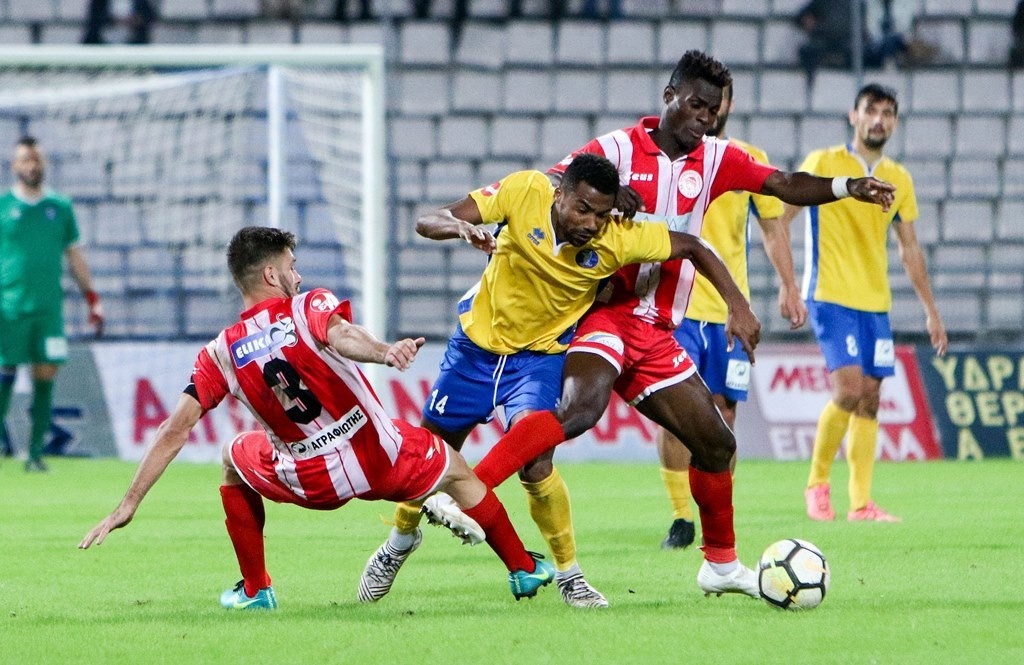 Νίκη Βόλου-Ολυμπιακός Βόλου 0-0: Μοιρασιά στο ντέρμπι (photos)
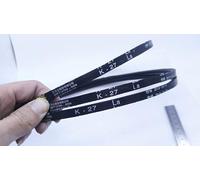 Accessori per stampante compatibili con 1 pz K tipo cinghia trapezoidale cinghia di trasmissione per trapano da banco K14 K15 K17 K18 K19 K20 K23 K24 K25 K26 K27 K28 K29 K30 K31 (colore: K23 P584mm)(K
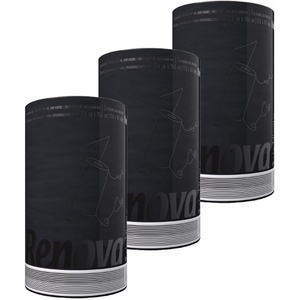 image:imageRenova Black Paper Towel  2 Ply 120 Highly Absorbent Sheets FSC Certified Sustainable Design  Perfect for Home or Office Available in Convenient 1 2 3 6 or 8 Roll Packs 3 3 Rolls3 Rolls
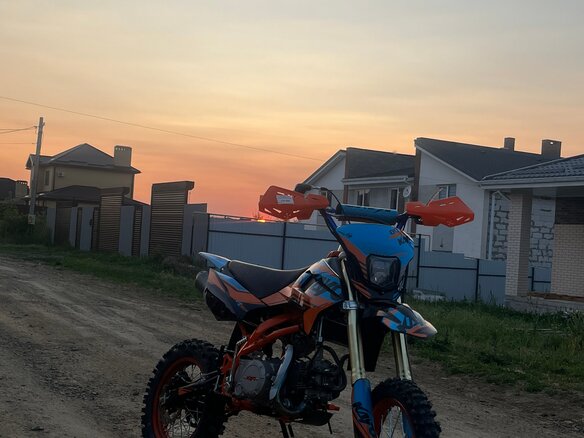 2024 Kayo Evolution YX140EM, оранжевый, 99000 рублей - вид 7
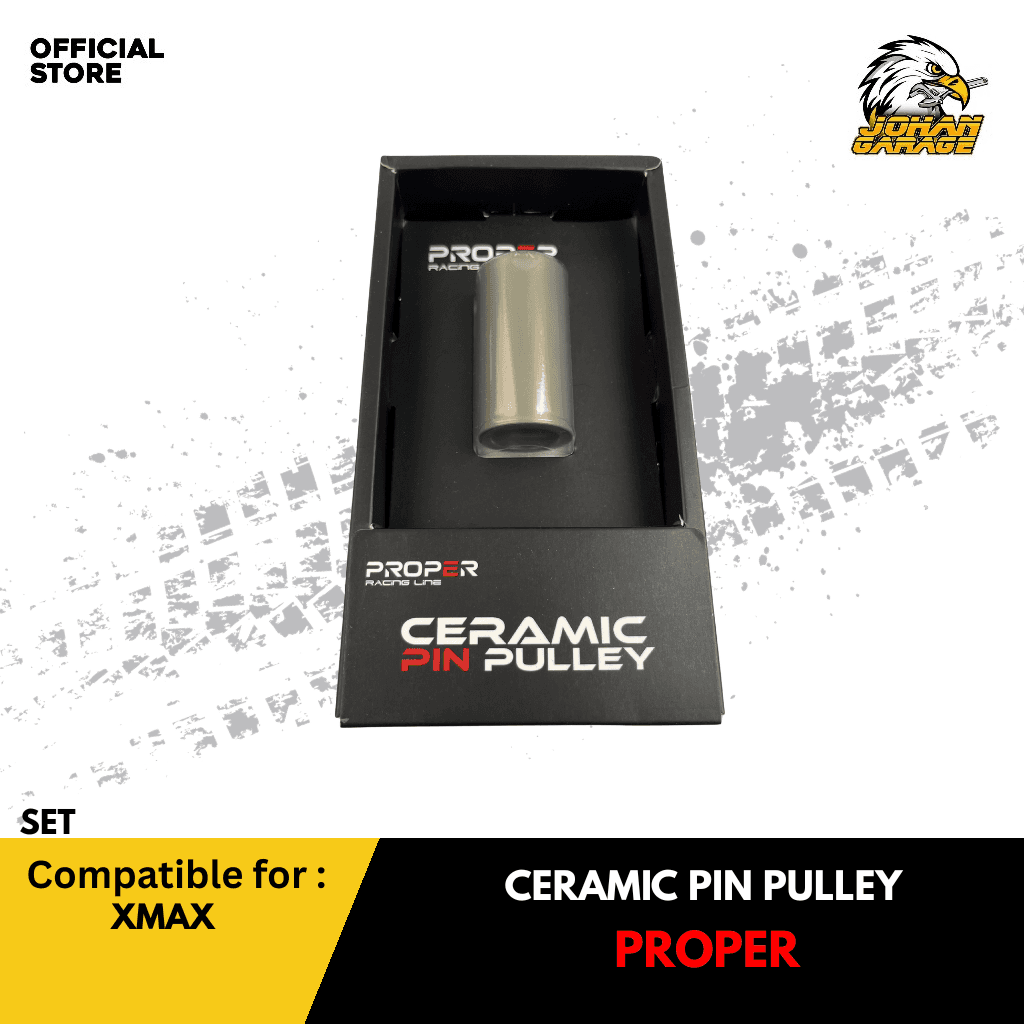 PROPER RACING LINE CERAMIC PIN PULLEY XMAX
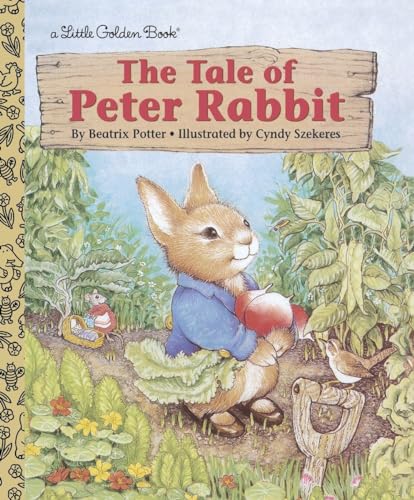 Stock image for The Tale of Peter Rabbit (Little Golden Book) for sale by Ergodebooks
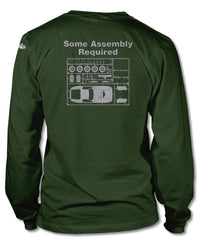 1964 Daytona Coupe Assembly Required T-Shirt - Long Sleeves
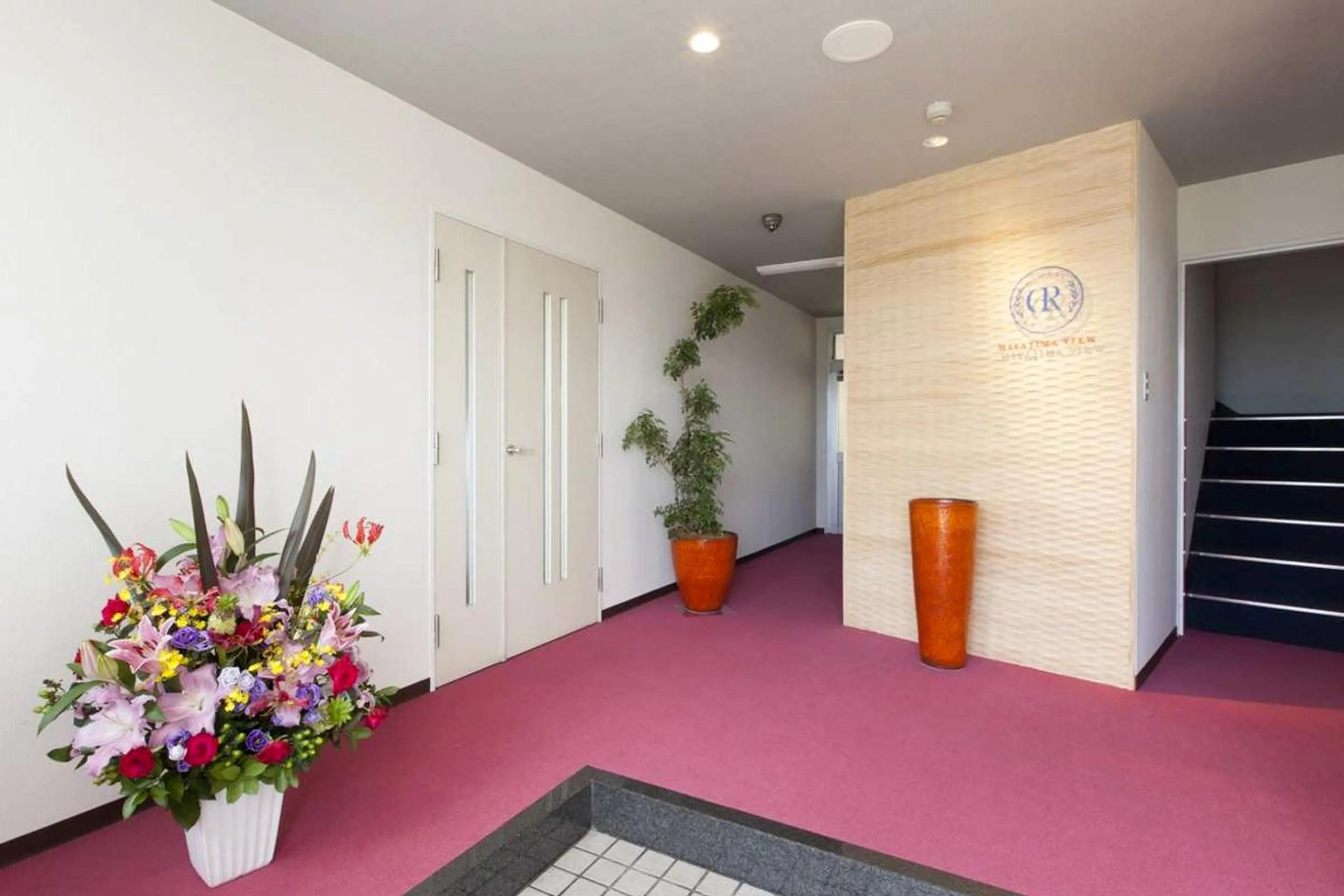 Bed in Global Resort Miyajima View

> **What you need to do**
Before copying, set the pictures aside; then reproduce each entry above exactly.

> **Answer to this task**
 Νίκη Βόλου-Ολυμπιακός Βόλου 0-0: Μοιρασιά στο ντέρμπι (photos)
 Accessori per stampante compatibili con 1 pz K tipo cinghia trapezoidale cinghia di trasmissione per trapano da banco K14 K15 K17 K18 K19 K20 K23 K24 K25 K26 K27 K28 K29 K30 K31 (colore: K23 P584mm)(K
 image:imageRenova Black Paper Towel  2 Ply 120 Highly Absorbent Sheets FSC Certified Sustainable Design  Perfect for Home or Office Available in Convenient 1 2 3 6 or 8 Roll Packs 3 3 Rolls3 Rolls
 2024 Kayo Evolution YX140EM, оранжевый, 99000 рублей - вид 7
 PROPER RACING LINE CERAMIC PIN PULLEY XMAX
 Stock image for The Tale of Peter Rabbit (Little Golden Book) for sale by Ergodebooks
 1964 Daytona Coupe Assembly Required T-Shirt - Long Sleeves
 Bed in Global Resort Miyajima View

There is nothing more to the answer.